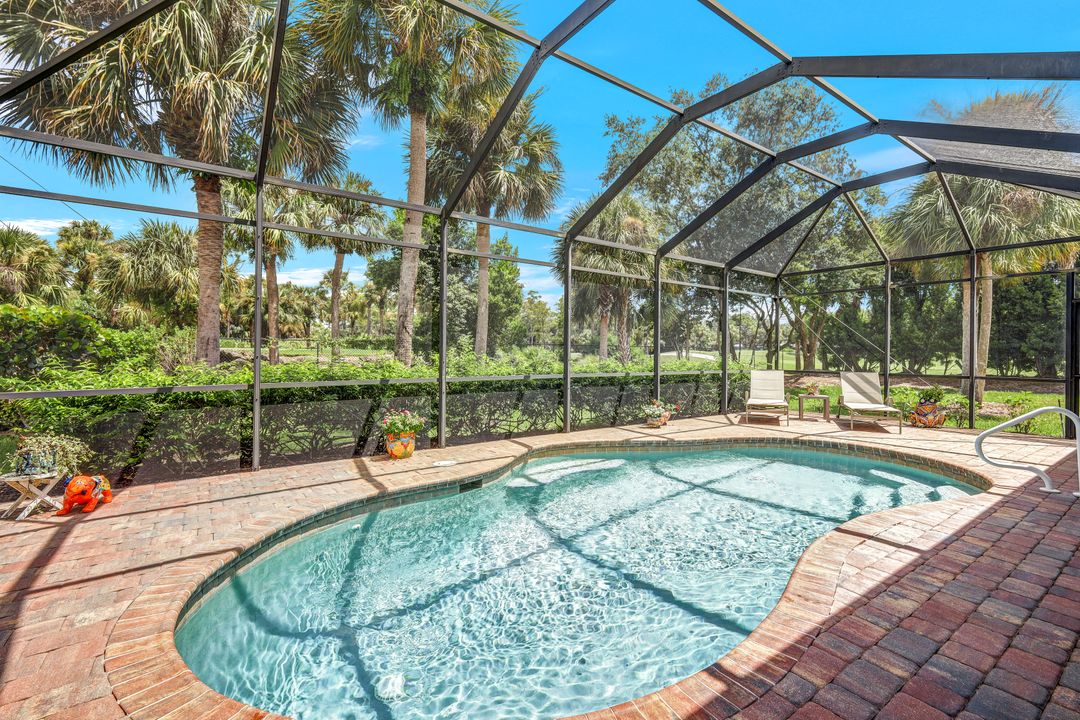 6128 Manchester Pl, Naples, FL 34110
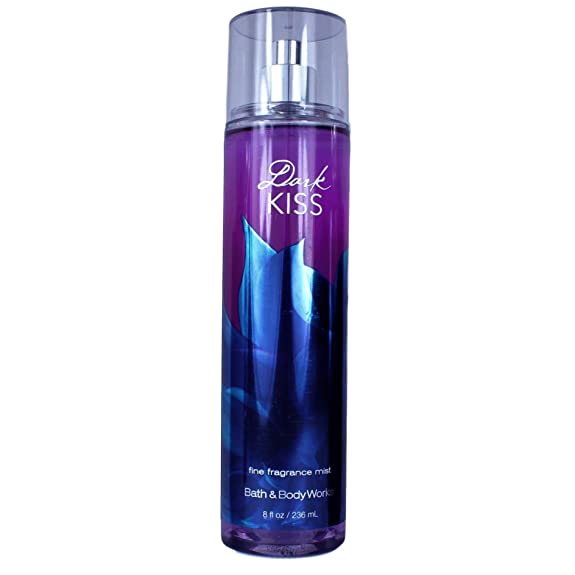 Dark Kiss: là sự pha trộn mới mẻ từ xạ hương và vani đem lại nhiều tầng hương khác nhau; từ thanh mát, ngọt dịu đến bí ẩn, khiêu gợi, quyến rũ. Kích thích sự hiếu kỳ và để lại ấn tượng sâu đậm. Đây là sự lựa chọn rất phù hợp với mùa đông và cho những buổi hẹn hò. 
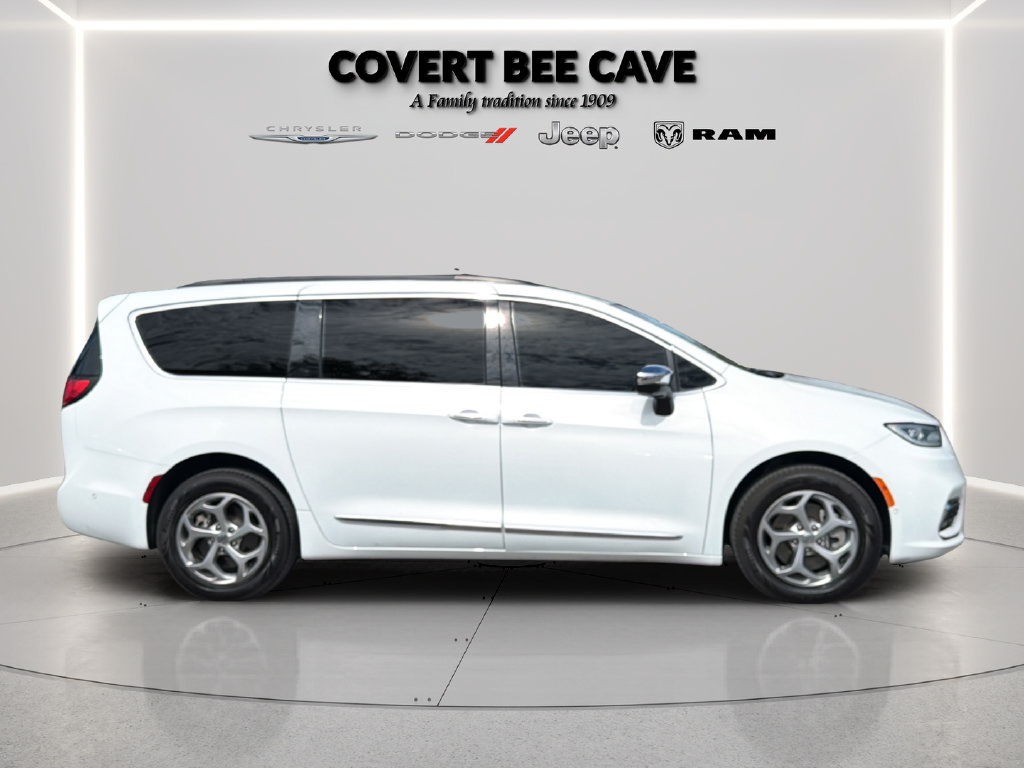 Used 2023 Chrysler Pacifica Limited w/ Uconnect Theater Family Group AWD/4WD image 8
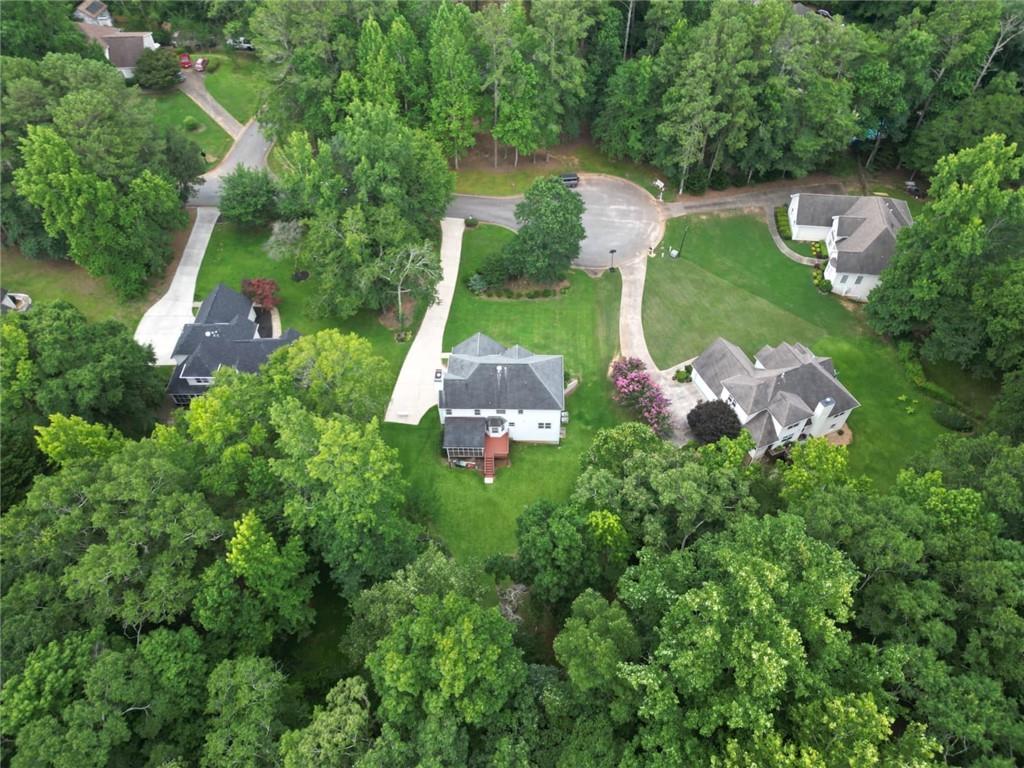 285 Mosby Woods Drive Property Photo 5
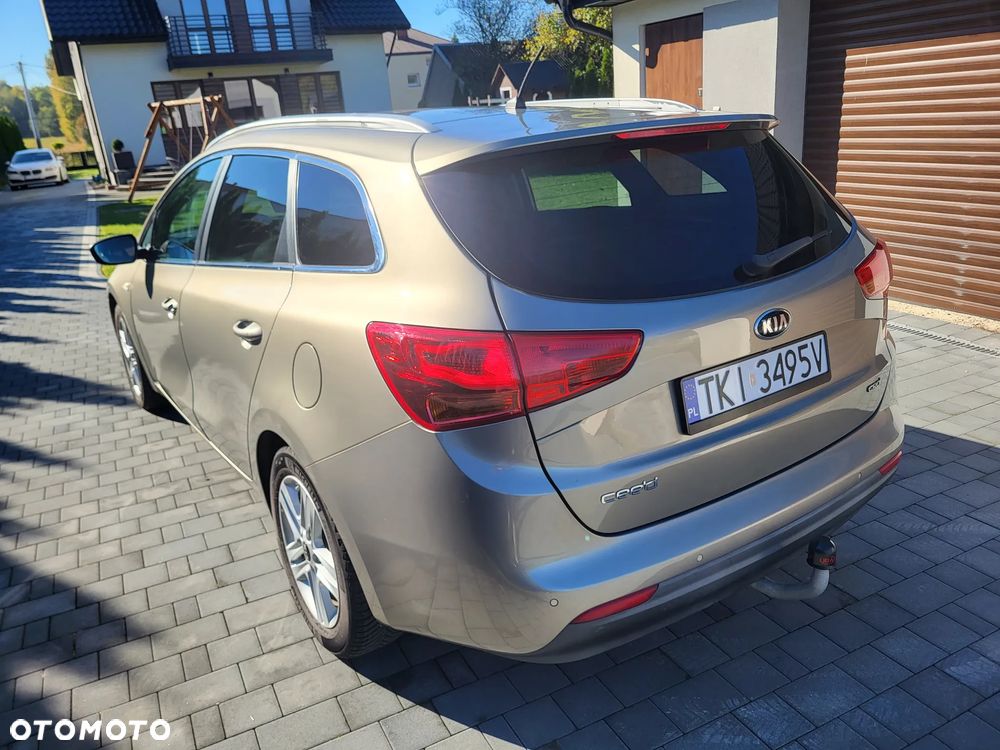 Kia Ceed - 12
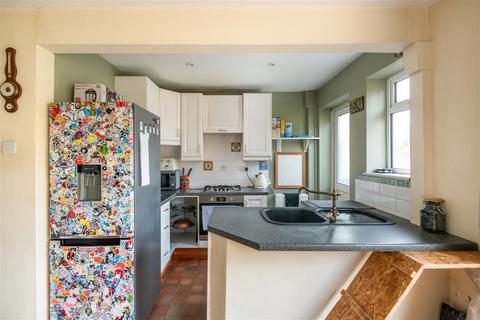 3 Lyndhurst Road, Reigate, RH2 8JW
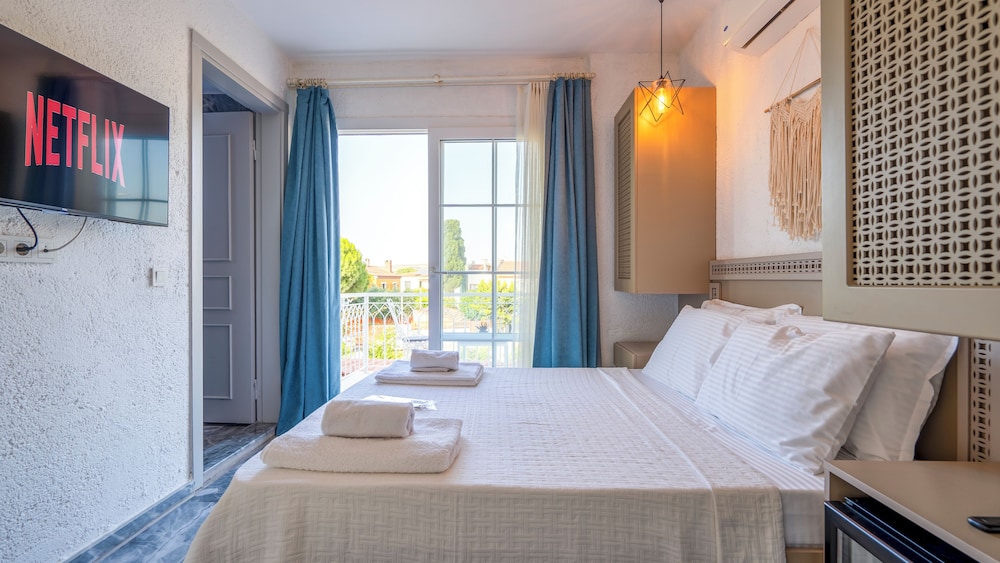 Deluxe Double Room, 1 Queen Bed, Balcony, Pool View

*Exercise aim*. Please print the entire listing again exactly, minus its images.

*Written response*.
 6128 Manchester Pl, Naples, FL 34110
 Dark Kiss: là sự pha trộn mới mẻ từ xạ hương và vani đem lại nhiều tầng hương khác nhau; từ thanh mát, ngọt dịu đến bí ẩn, khiêu gợi, quyến rũ. Kích thích sự hiếu kỳ và để lại ấn tượng sâu đậm. Đây là sự lựa chọn rất phù hợp với mùa đông và cho những buổi hẹn hò. 
 Used 2023 Chrysler Pacifica Limited w/ Uconnect Theater Family Group AWD/4WD image 8
 285 Mosby Woods Drive Property Photo 5
 Kia Ceed - 12
 3 Lyndhurst Road, Reigate, RH2 8JW
 Deluxe Double Room, 1 Queen Bed, Balcony, Pool View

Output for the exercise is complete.